WHAT IS NEEDED:
Set down the data below once more, precisely as it reads.

DATASET EXTRACT:
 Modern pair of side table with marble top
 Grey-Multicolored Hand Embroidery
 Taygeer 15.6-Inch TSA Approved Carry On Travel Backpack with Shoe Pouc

COMPLETED TASK:
 Modern pair of side table with marble top
 Grey-Multicolored Hand Embroidery
 Taygeer 15.6-Inch TSA Approved Carry On Travel Backpack with Shoe Pouc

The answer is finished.